Subfigure 8.2 shows the analogous situation for an exothermic reaction. Again, as the reactants approach one another, the energy rises as the atoms begin to rearrange. At the middle of the collision, the energy maximizes and then falls as the product molecules form. In an exothermic reaction, the product energy is lower than the reactant energy.

Figure 8 thus shows that an energy barrier must be surmounted for the reaction to occur, regardless of whether the energy of the products is greater than (subfigure 8.1) or less than (subfigure 8.2) the energy of the reactants. This barrier accounts for the temperature dependence of the reaction rate. We know from the kinetic molecular theory that as temperature increases the average energy of the molecules in a sample increases. Therefore, as temperature increases, the fraction of molecules with sufficient energy to surmount the reaction activation barrier increases.

 Figure 8.1: Reaction Energy. Endothermic Reaction Figure 8.2: Reaction Energy. Exothermic Reaction

Although we will not show it here, kinetic molecular theory shows that the fraction of molecules with energy greater than Eα at temperature T is proportional to e-(Eα/RT). This means that the reaction rate and therefore also the rate constant must be proportional to e-(Eα/RT). Therefore we can write

 k(T) = Ae-(Eα/RT) [18]

where A is a proportionality constant. If we take the logarithm of both sides of equation 18, we find that

 ln(k(T)) = -(Eα/RT) + lnA [19]

This equation matches the experimentally observed equation 17. We recall that a graph of ln(k) versus 1/T is observed to be linear.
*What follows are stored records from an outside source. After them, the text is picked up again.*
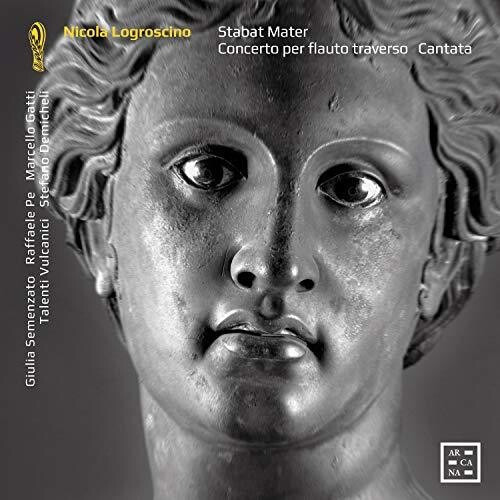 Logroscino/semenzato//demicheli Stabat Mater Cd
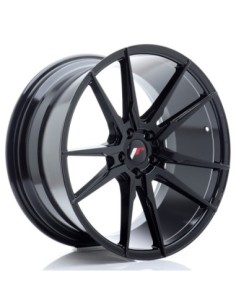 JR Wheels JR21 20x10 ET30 5x112 Glossy Black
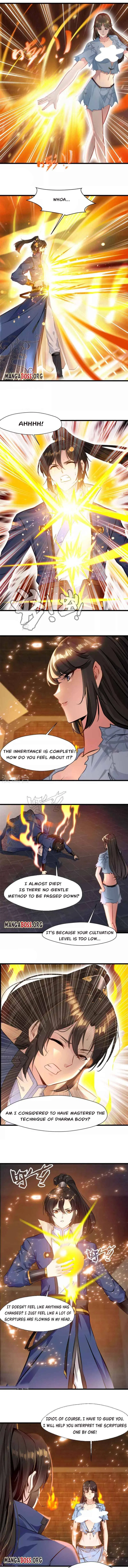 I become immortal Chapter 77 – Page 2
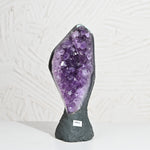 Load image into Gallery viewer, Natural Amethyst Geode 2.10kg - Raw Crystal for Healing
Now we can see that the slope of that graph is equal to -Eα/R.

As a final note on equation 19, the constant A must have some physical significant. We have accounted for the probability of collision between two molecules and we have accounted for the energetic requirement for a successful reactive collision. We have not accounted for the probability that a collision will have the appropriate orientation of reactant molecules during the collision. Moreover, not every collision which occurs with proper orientation and sufficient energy will actually result in a reaction. There are other random factors relating to the internal structure of each molecule at the instant of collision. The factor A takes account for all of these factors, and is essentially the probability that a collision with sufficient energy for reaction will indeed lead to reaction. A is commonly called the frequency factor.